Gestion d’actifs : attention à la sortie de route si le virage «retail» est mal négocié

Publié le 4 janvier 2019 à 17h38

Pascal Koenig

Face à l’adversité rencontrée sur la collecte institutionnelle, les gérants d’actifs français se catapultent sur le marché de l’épargnant individuel en prenant le risque de ne pas amalgamer l’ensemble des attributs d’un succès sur ce segment.

La distribution «retail» offre des perspectives de collecte alléchantes, boostées par les besoins affichés par les épargnants de trouver une solution au financement de leur retraite. Deux typologies d’enveloppes devraient constituer les supports à ce développement attendu : les contrats d’assurance vie – et notamment la part UC – et les produits de capitalisation régénérés (épargne salariale, retraite collective et privée), issus de la loi Pacte en actuelle discussion.

Quels écueils éviter pour transformer cette opportunité en pari gagnant ?

L’obstacle à contourner est bien évidemment l’aversion au risque de marché des épargnants français, échaudés par la succession des crises financières et son corollaire direct, le déficit en culture financière et avant tout en culture boursière.

Bien entendu, l’industrie ne peut attendre les potentiels modules de connaissance financière délivrés aux jeunes Français dans les enseignements primaires/secondaires. C’est donc à l’industrie de prendre les devants. Une promesse explicite et/ou une offre clairement qualifiée constituent à notre sens des réponses beaucoup plus immédiates. Cela nécessite assurément d’identifier les besoins réels de l’épargnant individuel. Le consensus des études françaises tend à montrer que, pour l’investisseur privé, la sécurité est le critère de choix le plus important devant le rendement et la disponibilité ; si la sécurisation reste sa priorité, un très net désir de comprendre et de donner du sens à son épargne complète cette première silhouette commune.

Cependant, une analyse rapide des annexes financières démontre l’actuel effort chétif des producteurs à rendre lisible et explicite l’objectif d’investissement du produit par simple lecture de son intitulé. Le Large Cap Euro Ex France Euro Stoxx 50 ne dispose pas d’une dénomination à proprement parler accessible et ne semble pas à même de générer une forte pulsion d’achat.  A contrario, les produits nouveaux dits «aspirationnels» ouvrent la voie à cette demande avérée de donner du sens à son épargne (Food for Generations en est une première illustration). Cette évidence marketing nécessite d’être étayée par la mise à disposition auprès des réseaux distributeurs d’outils pédagogiques à destination des clients et de comparateurs de fonds. Ces derniers permettent à la fois de couvrir un large univers produit dans un temps court et de répondre au plus près aux différentes attentes du client exprimées lors du parcours découverte.
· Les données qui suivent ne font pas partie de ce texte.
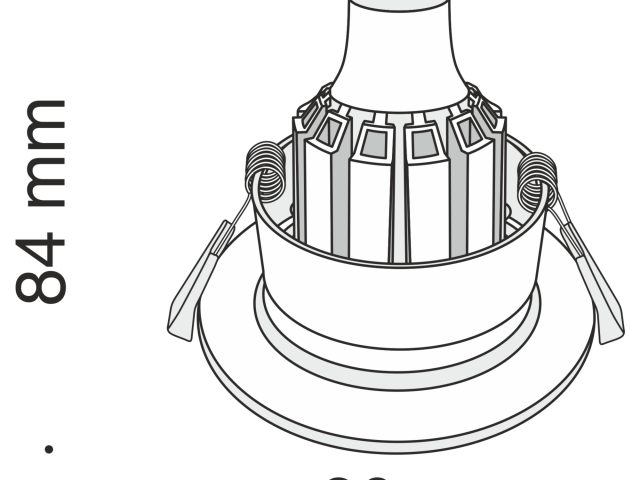 Встраиваемый светильник Technical DL041-01W фото:3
De nombreuses «techs», actives dans la distribution, peuvent favoriser l’émergence de solutions originales (notamment sur l’analyse des tendances ou afin de sonder les populations cibles).

Le déploiement de l’investissement responsable sur le marché des particuliers est, en ce sens, illustratif. Les études mettent en évidence qu’une large majorité d’épargnants souhaite accorder une place importante aux impacts environnementaux et sociaux dans leurs décisions d’investissement (63 %, par exemple, pour une étude Ifop d’août 2018). Cependant, dans la même étude, seuls 5 % des Français déclarent avoir déjà investi dans un fonds ISR. Pourquoi ? Pour des raisons multiples, parmi lesquelles :

- une offre limitée et encore insuffisamment présente et identifiable dans les annexes financières ;

- une offre trop peu lisible, tant dans l’intitulé que dans les objectifs poursuivis ;

- la crainte d’investir dans un produit responsable mais qui ne délivrerait pas de performance ;

- des modèles d’allocation n’intégrant pas pleinement ces typologies de produits ;

- des réseaux de distribution et des épargnants devant s’approprier un verbiage acronymique dédié (qui s’ajoute à celui du «financier») qui accroît la confusion déjà forte et qui est renforcé par la multiplicité des labels plus ou moins adaptés.

Pour conclure, notre industrie dans toute sa diversité et dans un esprit conquérant doit épouser le message de Klaus Schwab (fondateur et président exécutif du World Economic Forum) : «Dans ce nouveau monde, ce n’est pas le gros poisson qui mange le petit ; c’est le plus rapide qui mange le plus lent.»